• _WHAT THE TASK REQUIRES_: Transcribe nothing except the lines below that run from the one with "Campus Hammocks LSU" to the one with "Lighted Faux Greenery", ends included, and do not copy any picture.

• _SOURCE DATA_:
*-*-*
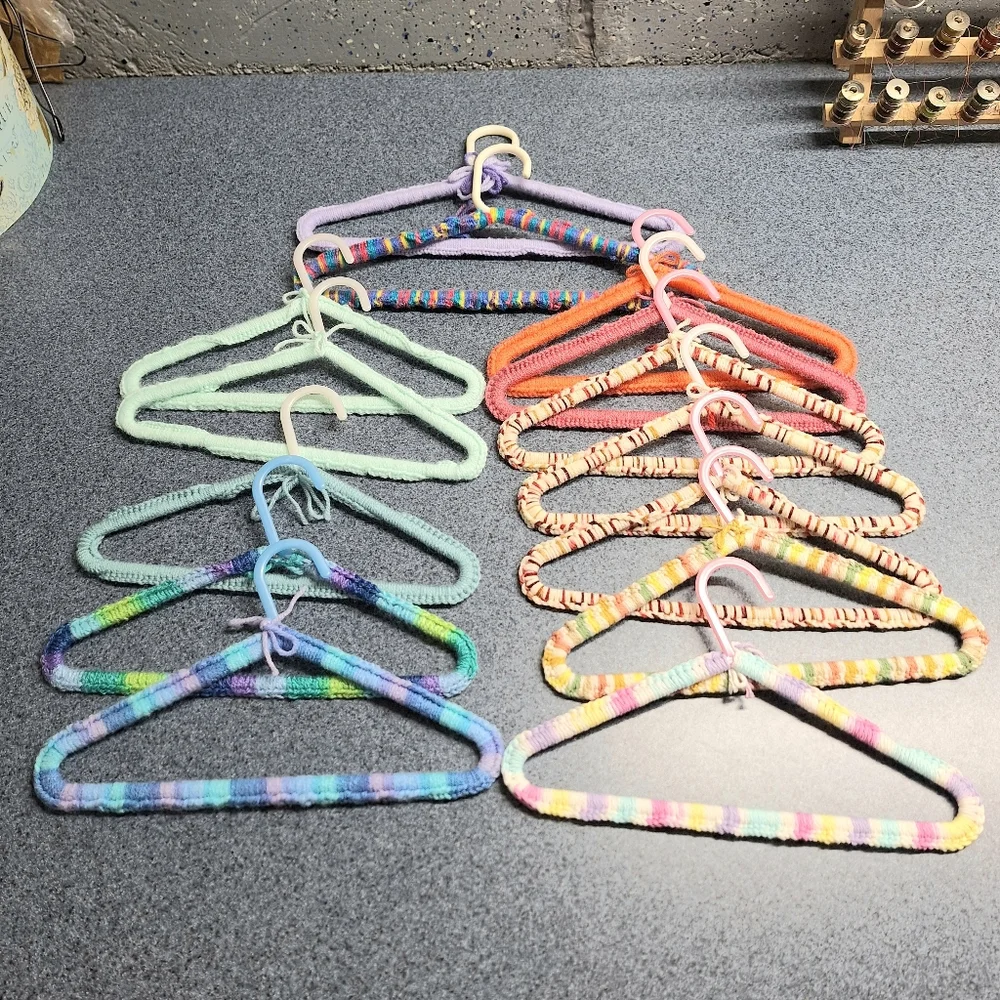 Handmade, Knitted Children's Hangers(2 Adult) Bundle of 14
*-*-*
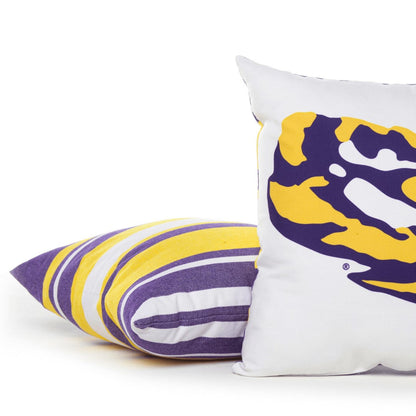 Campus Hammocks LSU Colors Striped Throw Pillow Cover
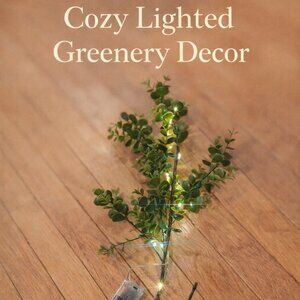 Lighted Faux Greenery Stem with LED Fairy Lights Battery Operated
*-*-*
• _SOLUTION BELOW_:
 Campus Hammocks LSU Colors Striped Throw Pillow Cover
 Lighted Faux Greenery Stem with LED Fairy Lights Battery Operated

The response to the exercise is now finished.